**Prompt**
The answer must be an exact copy of the lines from the one containing "Alternative view of" through the end of the records, with the pictures left out.

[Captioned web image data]
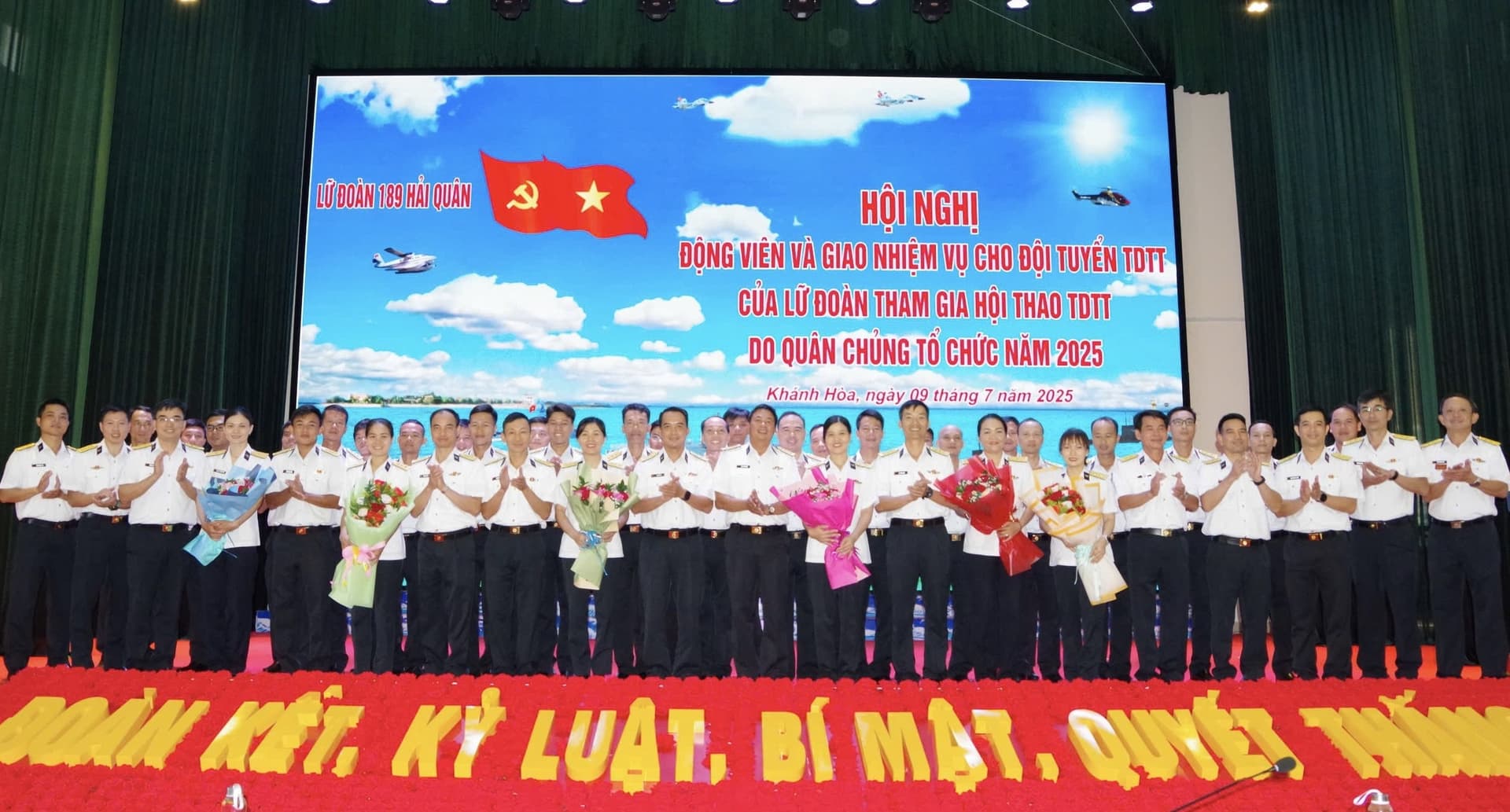 Lữ đoàn 189 giao nhiệm vụ cho đoàn VĐV tham gia Hội thao TDTT Quân chủng Hải quân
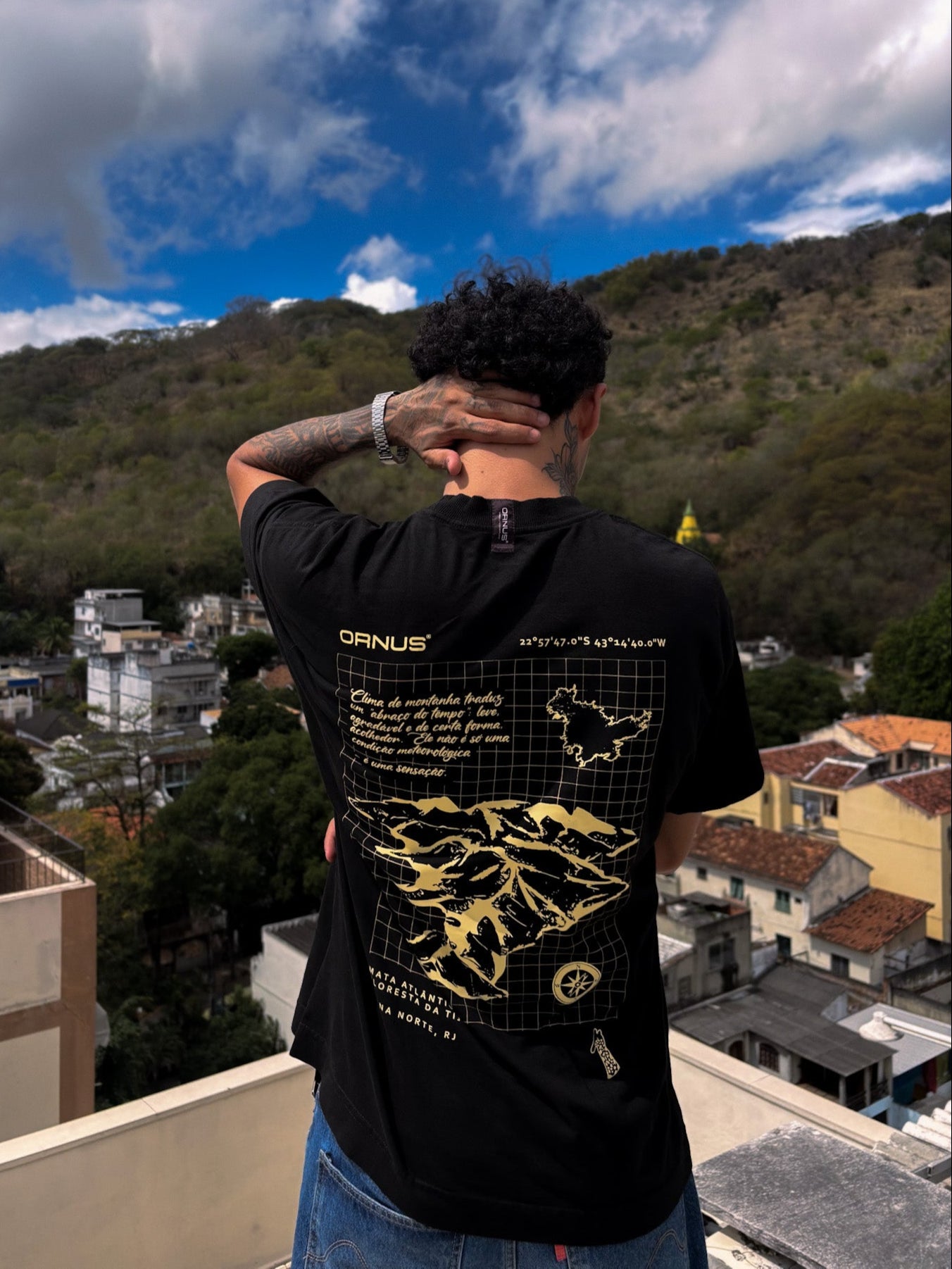 Camiseta Oversized - "Clima De Montanha"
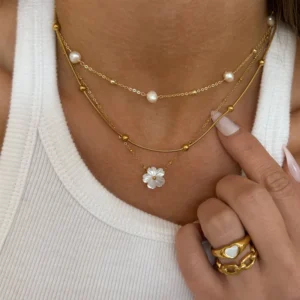 Alternative view of Colar "Nereida"con Perla Naturales en Acero Inoxidable y Chapado en Oro de 18K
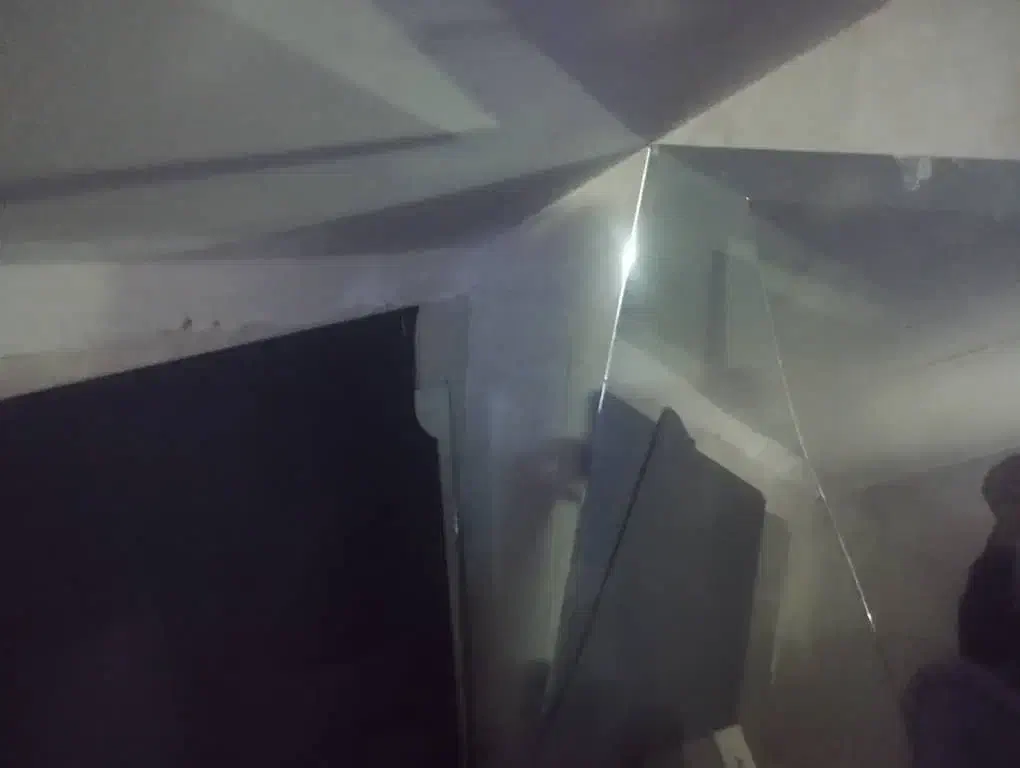 تعدادی جام آینه|آینه|مبارکه, |دیوار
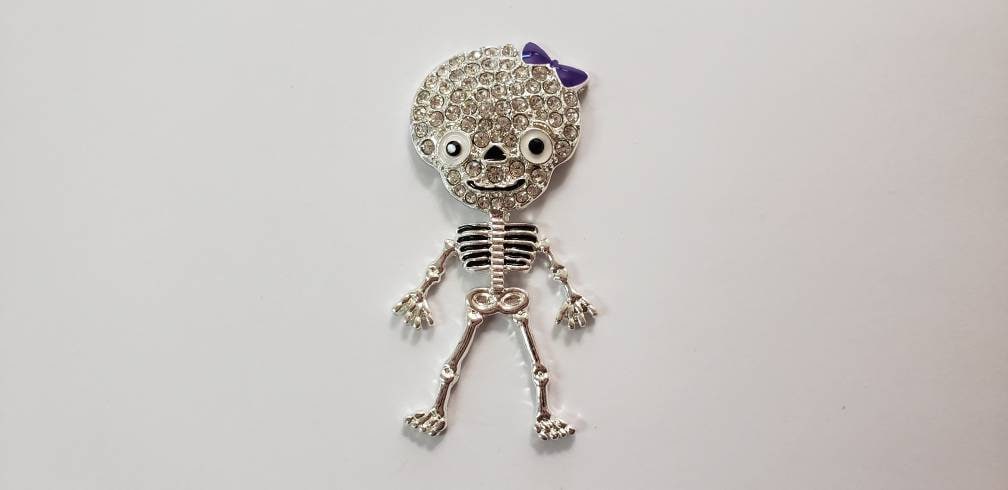 Purple Girly Skeleton Needle Minder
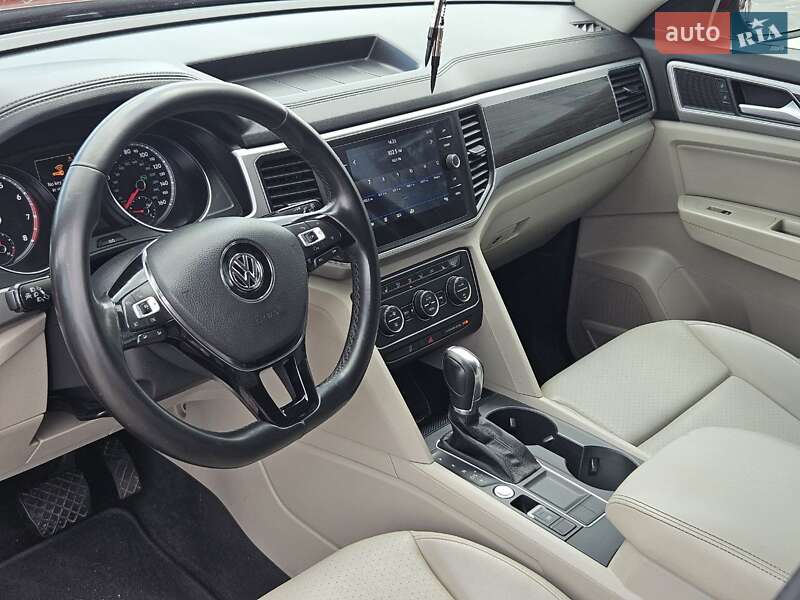 Позашляховик / Кросовер Volkswagen Atlas 2017 в Києві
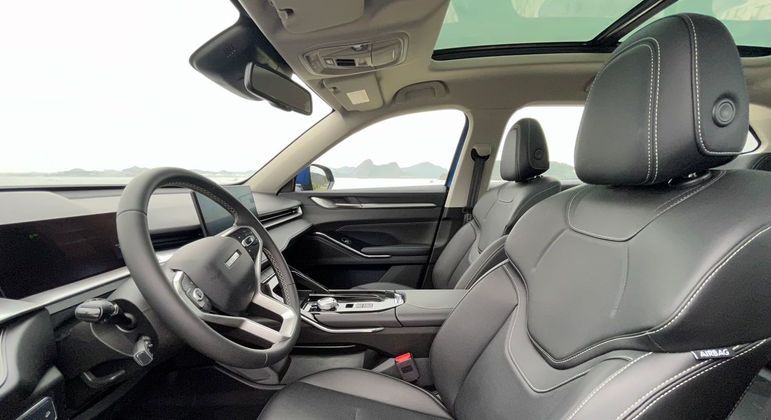 Interior do HAVAL H6 já está definido e terá apenas bancos e revestimentos na cor preta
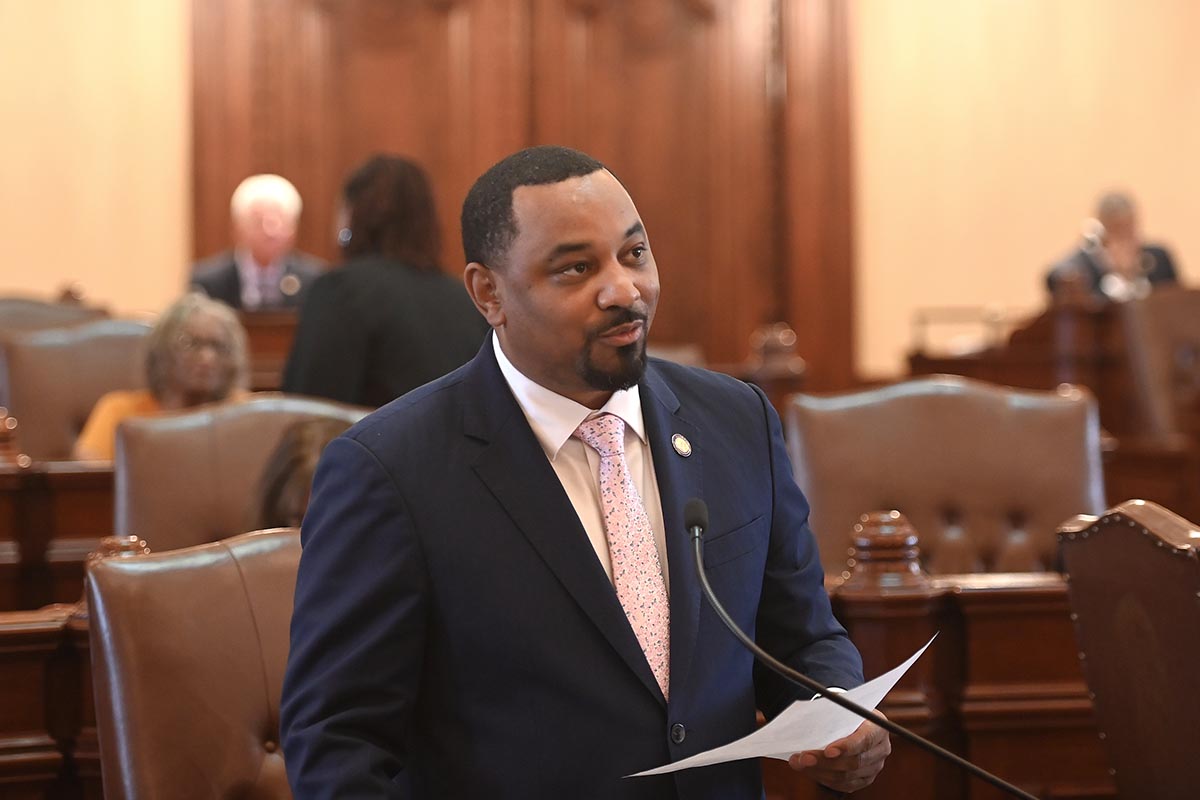 State Senator Willie Preston speaks on the Senate floor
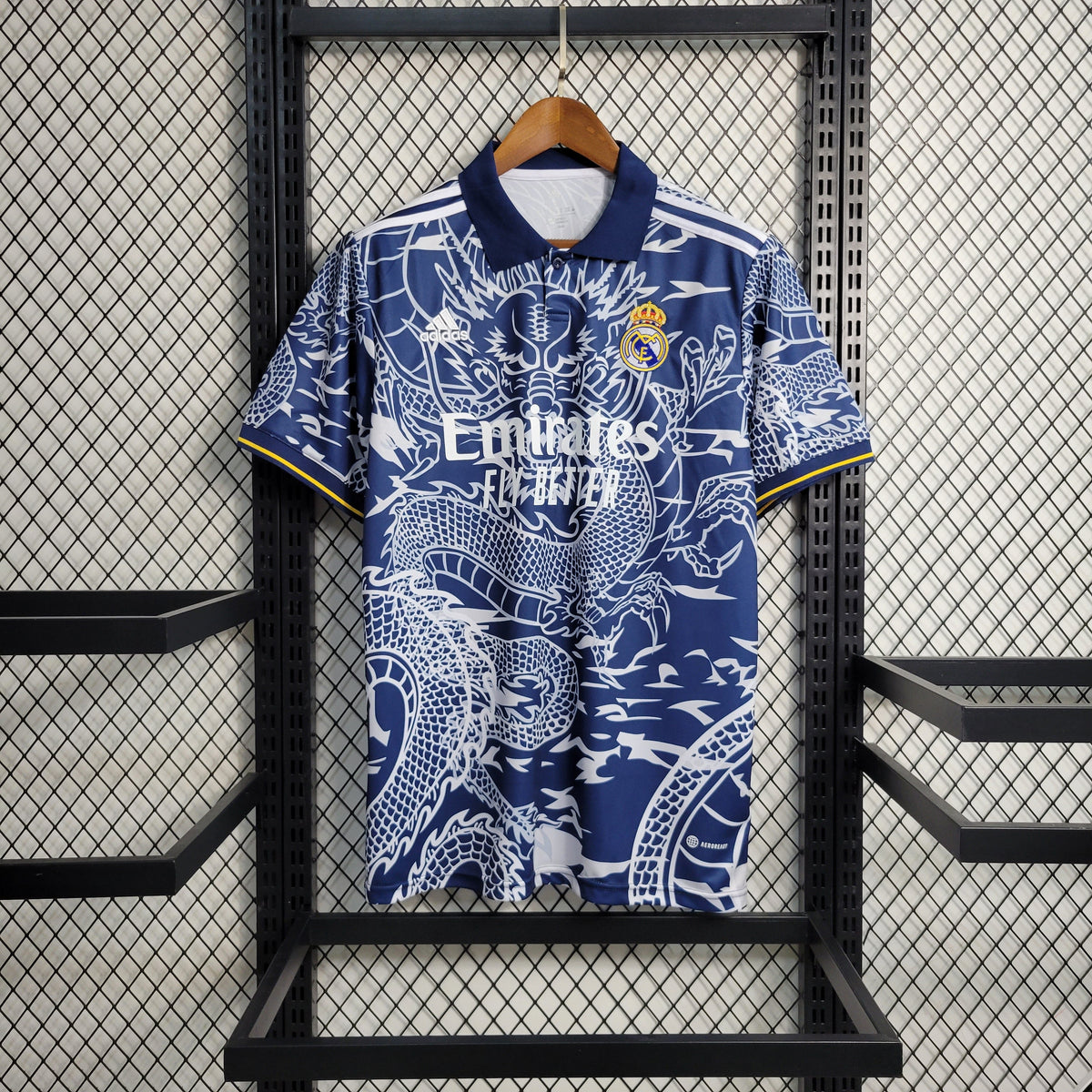 Camisa Real Madrid Edição Especial 2023/24 - Adidas Torcedor Masculina - Azul/Branca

**Exercise answer**
 Alternative view of Colar "Nereida"con Perla Naturales en Acero Inoxidable y Chapado en Oro de 18K
 تعدادی جام آینه|آینه|مبارکه, |دیوار
 Purple Girly Skeleton Needle Minder
 Позашляховик / Кросовер Volkswagen Atlas 2017 в Києві
 Interior do HAVAL H6 já está definido e terá apenas bancos e revestimentos na cor preta
 State Senator Willie Preston speaks on the Senate floor
 Camisa Real Madrid Edição Especial 2023/24 - Adidas Torcedor Masculina - Azul/Branca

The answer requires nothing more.